Shamima Begum, a adolescente londrina que, em 2015, fugiu para se juntar ao Estado Islâmico foi localizada na Síria. A jovem, agora com 19 anos, não se arrepende de se ter juntado ao grupo extremista, mas quer regressar a casa, até porque está grávida de nove meses.

A jovem deixou o ultimo reduto jihadista, em Baghuz, na Síria. Diz que estava cansada da vida num constante campo de batalha e, sobretudo, porque temia pela vida do filho que está à espera. Entretanto, já teve outros dois filhos, que morreram no enclave.

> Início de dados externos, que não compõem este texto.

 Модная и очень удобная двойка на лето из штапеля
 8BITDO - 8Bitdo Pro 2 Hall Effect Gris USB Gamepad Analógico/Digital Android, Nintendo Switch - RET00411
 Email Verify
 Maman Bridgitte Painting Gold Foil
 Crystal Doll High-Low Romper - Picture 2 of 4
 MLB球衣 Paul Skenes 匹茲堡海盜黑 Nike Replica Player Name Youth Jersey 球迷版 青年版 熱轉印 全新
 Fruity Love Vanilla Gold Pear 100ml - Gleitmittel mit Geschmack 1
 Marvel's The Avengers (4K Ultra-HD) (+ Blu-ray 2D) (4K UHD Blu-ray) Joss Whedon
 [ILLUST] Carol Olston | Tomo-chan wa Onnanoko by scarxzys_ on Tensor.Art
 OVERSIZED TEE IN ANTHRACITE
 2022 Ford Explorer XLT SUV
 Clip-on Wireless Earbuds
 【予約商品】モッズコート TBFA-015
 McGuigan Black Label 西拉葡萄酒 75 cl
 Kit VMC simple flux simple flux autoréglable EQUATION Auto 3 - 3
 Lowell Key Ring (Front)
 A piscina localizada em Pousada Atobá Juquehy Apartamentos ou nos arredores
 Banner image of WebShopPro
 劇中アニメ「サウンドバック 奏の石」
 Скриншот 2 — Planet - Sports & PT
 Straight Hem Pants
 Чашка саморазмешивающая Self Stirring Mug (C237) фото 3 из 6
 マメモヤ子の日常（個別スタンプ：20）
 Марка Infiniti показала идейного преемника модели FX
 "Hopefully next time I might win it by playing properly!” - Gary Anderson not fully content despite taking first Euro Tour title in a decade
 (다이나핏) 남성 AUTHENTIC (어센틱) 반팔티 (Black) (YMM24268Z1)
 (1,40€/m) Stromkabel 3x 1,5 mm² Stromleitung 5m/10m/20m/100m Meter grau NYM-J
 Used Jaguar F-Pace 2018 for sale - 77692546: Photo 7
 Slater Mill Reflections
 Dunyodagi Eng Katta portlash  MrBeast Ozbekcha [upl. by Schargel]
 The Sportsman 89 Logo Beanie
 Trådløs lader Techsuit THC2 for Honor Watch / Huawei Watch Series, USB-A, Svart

Numa entrevista à revista Times, no campo de refugiados Al-Hawl, no noroeste da Síria, a jovem revela que “foi fraca”.

Não consegui aguentar o sofrimento e as dificuldades que estar num campo de batalha envolvia. Mas eu também tinha medo que a criança que estou prestes a dar à luz morresse como os meus outros filhos morreram, se eu lá ficasse. Então, resolvi deixar o califado. Agora, tudo o que eu quero é regressar a casa, no Reino Unido”, disse.

 

Só quero ir para casa e ter o meu filho. É tudo o que eu quero agora. Faço tudo o que me for exigido para voltar para casa e viver em paz com o meu filho.”


Imagens de uma câmara de videovigilância, quando as jovens foram inicialmente localizadas na Turquia. (DR)

Shamima e duas colegas de escola, Kadiza Sultana e Amira Abase, fizeram as manchetes dos jornais, quando fugiram de casa, embarcaram no avião no aeroporto de Gatwick para a Turquia. Em fevereiro de 2015, entraram na Síria e, a partir daí, perdeu-se-lhes o rasto. Shamima tinha então 15 anos, assim como a amiga Amira. Kadiza tinha 16.  

Quatro anos de vida na Síria

Na entrevista à Times, Shamima diz que, numa fase inicial, esteve em Raqqa, onde, ao fim de três semanas, casou com um holandês convertido ao islamismo. Diz que a violência se tornou de tal forma normal na sua vida que a imagem de uma cabeça decapitada dentro de um balde se tornou uma banalidade.

Na maior parte do tempo, era uma vida normal. Havia bombardeamentos de quando em vez e assim. Mas quando eu vi a minha primeira cabeça decapitada dentro de um bidão não me fez diferença nenhuma. Era de um soldado capturado num campo de batalha. Um inimigo do Islão.”

Na mesma entrevista, conta que as amigas que fugiram com ela em 2015 também se casaram com estrangeiros convertidos ao radicalismo islâmico.

Kadiza morreu, na sequência de um bombardeamento em Raqqa, em 2016. Shamima acredita que Amira ainda está no último reduto do Estado Islâmico, assim como Sharmeena Begum (outra jovem que tinha fugido duas semanas antes do trio. Andava na mesma escola que elas, mas, apesar o do mesmo apelido, não é familiar de Shamima). “Mas, com tantos bombardeamentos, não sei se ainda estão vivas”, disse.

Elas foram fortes… respeito a decisão delas. Tiveram paciência e força para se manterem no califado e ficarem em Baghuz. Elas terão vergonha de mim, se sobreviverem aos bombardeamentos e souberem que fugi.”

Shamima e a família mudaram-se para o vale do Rio Eufrates, quando o Estado Islâmico foi obrigado a recuar. Mas, em poucos meses, perdeu a filha de um ano e o filho de três meses. Ambos morreram subnutridos e doentes. Por isso, decidiu fugir.

Deixou Baghuz há duas semanas. O marido rendeu-se a um grupo de soldados sírios e ela não sabe nada deles desde então.

Sobre aquilo a que chama “califado”, fala em “muita opressão e muita opressão”. “Acho que eles não mereciam a vitória”, resume.

Porém, sublinha, não se arrepende minimamente de se ter juntado a eles há quatro anos.

Renu, irmã de Shamima Begum, segurando uma fotografia da jovem.

O jornal The Guardian diz a família de Shamima não tem dúvidas que a jovem encontrada no campo de refugiados de Al-Hawl é a filha que têm procurado nos últimos quatro anos.